Militante do Partido Comunista Brasileiro (PCB) – do qual se afastaria por discordar da visão de que o problema do negro brasileiro era exclusivamente econômico, e não racial –, Solano Trindade foi um dos fundadores do que mais tarde se conheceria como movimento negro, assim como um animador cultural e um artista multimídia muito antes que esses conceitos existissem, como testemunhou o poeta e crítico Sérgio Milliet (1898-1966): "Organizando bailados, editando revistas, promovendo espetáculos e conferências, incansável em sua atividade, poucos fizeram tanto quanto ele pelo ideal da valorização do negro".

As comemorações pelo centenário de Solano Trindade concentram-se nas três cidades em que ele viveu mais tempo. No Recife, onde nasceu, no bairro de São José, e ainda menino bebeu na fonte do folclore de danças como frevo, pastoril, bumba-meu-boi e maracatus, que iriam povoar para sempre seu teatro e sua pintura. Em Duque de Caxias, na Baixada Fluminense – uma das estações da Estrada de Ferro Leopoldina –, onde sua arte ganhou os contornos proletários que lhe valeriam prisões e apreensão de livros durante o governo Dutra (1946-51). E em Embu – município da Região Metropolitana de São Paulo que ele adotou, ajudou a batizar como Embu das Artes e a projetar internacionalmente nos anos 1960, como integrante de um núcleo de artistas plásticos primitivistas –, onde fica a sede do Teatro Popular Solano Trindade (construída em 2005), comandado por sua filha e herdeira artística Raquel, de 71 anos.

Negritude

No Recife do início do século 20, iluminado por lampiões a gás, vendedores perambulavam pelas ruas do bairro de São José, cantando pregões que seriam a primeira referência poética popular do menino Solano, como este: "Pitomba, tomba não tomba/ chora menino por um vintém/ pede a papai que mamãe não tem".

O contato com o folclore se deu pelas mãos do pai, exímio dançarino das danças populares pernambucanas, e por isso mesmo apelidado de "menino de ouro". Vem do berço, portanto, além do apurado sentido rítmico de sua poesia, a máxima que Solano usava para resumir seu método de criação: "Pesquisar na fonte de origem e devolver ao povo em forma de arte".

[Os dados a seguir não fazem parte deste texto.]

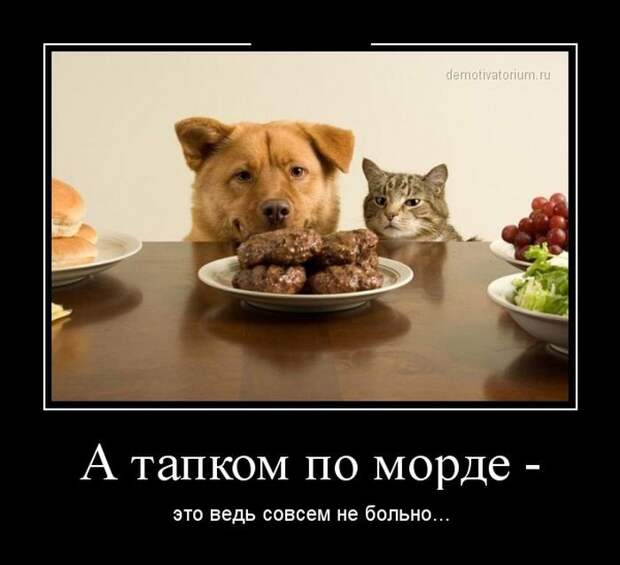Фабрика баянов. Партия №1 Фабрика_баянов, демотиваторы, юмор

No Liceu de Artes e Ofícios da capital pernambucana, Solano cursou o propedêutico, equivalente ao atual ensino médio. Daí por diante, é como autodidata que ele constrói sua trajetória intelectual, com um curioso ponto de partida: uma breve atuação como diácono da Igreja Presbiteriana. Nessa época, suas primeiras poesias, publicadas por uma revista escolar de Garanhuns (PE), falavam do Gólgota e dos apóstolos, impregnadas de misticismo. Decepcionado, porém, com o distanciamento que a religião na época guardava dos problemas sociais, incluindo a discriminação contra os negros, ele logo a abandona, justificando sua saída com um versículo da própria Bíblia: "Se não amas a teu irmão, a quem vês, como podes amar a Deus, a quem não vês?"

Na década de 1930, ele abraça a causa de sua raça e funda no Recife, com o escritor José Vicente Lima e o pintor Barros Mulato, o Centro de Cultura Afro-Brasileiro, que tinha por finalidade divulgar o trabalho de intelectuais e artistas negros, e a Frente Negra Pernambucana, cujo manifesto de fundação resume o que seria, durante toda a sua vida, a postura de Solano perante a questão: "Não faremos lutas de raça, porém ensinaremos aos irmãos negros que não há raça superior nem inferior, e o que faz distinguir uns dos outros é o desenvolvimento cultural. São anseios legítimos a que ninguém de boa-fé poderá recusar cooperação".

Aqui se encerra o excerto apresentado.